Alfreda turned heads, but one man saw inspiration beyond infatuation.
Jack London was a young roguish, rambling sailor–typically ill to mineral fever. He spent only a year in the Klondike, and came home with only a $4 souvenir gold nugget. Even before his departure, London changed his skill set, bound to make his fortune from the notebooks filled with diary entries, and musings about the land and people–the foundations of some of the greatest works of the English language.
Son of the Wolf, a collection of short stories, was London’s first book on the north, but his novel A Daughter of the Snows disappointed both writer and publisher, and the female lead character offended Victorian literary critics.

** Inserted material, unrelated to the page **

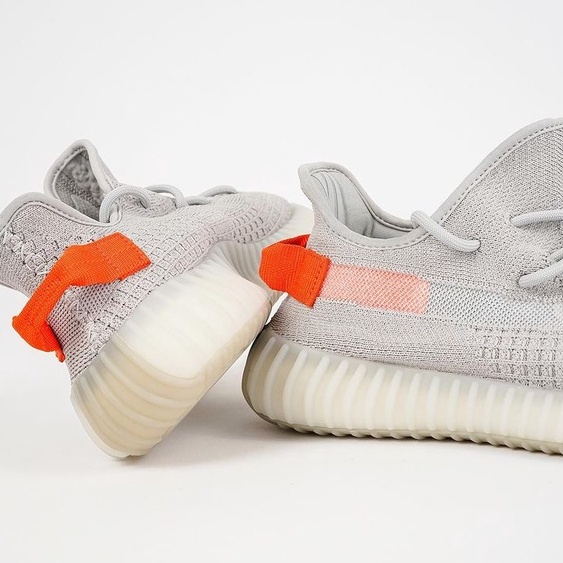 Adidas Yeezy 350 V2 Tail Light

Frona Welse’ was a tough, independent firebrand using her education to her advantage, and standing up to men¬–including her father, ‘Jacob Welse’. Alaska historian William Hunt concludes from the novel that ‘Jacob’ Welse, the wily old trader, had a role model–John Healy. “A captain of industry and a splendid monopolist, he dominated the most independent aggregate of men ever drawn together from the ends of the earth.”
London anticipated the liberated woman, of the future, but he was no prophet–he’d met such women in Dawson City. ‘Frona’ was obviously Alfreda, coming of age when London noticed her in the flower of womanhood, and characterized her spirit. “You won’t understand me; you can’t. I am no woman’s rights’ creature; and I stand, not for the new woman, but for the new womanhood. Because I am sincere; because I desire to be natural, and honest, and true.”
A Daughter of the Snows stymied London’s career briefly, and he was forced to sell off the rights to the book to pay bills. But London had a back-up plan.
The follow-up, Call of the Wild immortalized Jack London–his true gold found in the mythology of the rarified north. Even if A Daughter of the Snows robbed the avatars of Johnny and Alfreda Healy of literary immortality.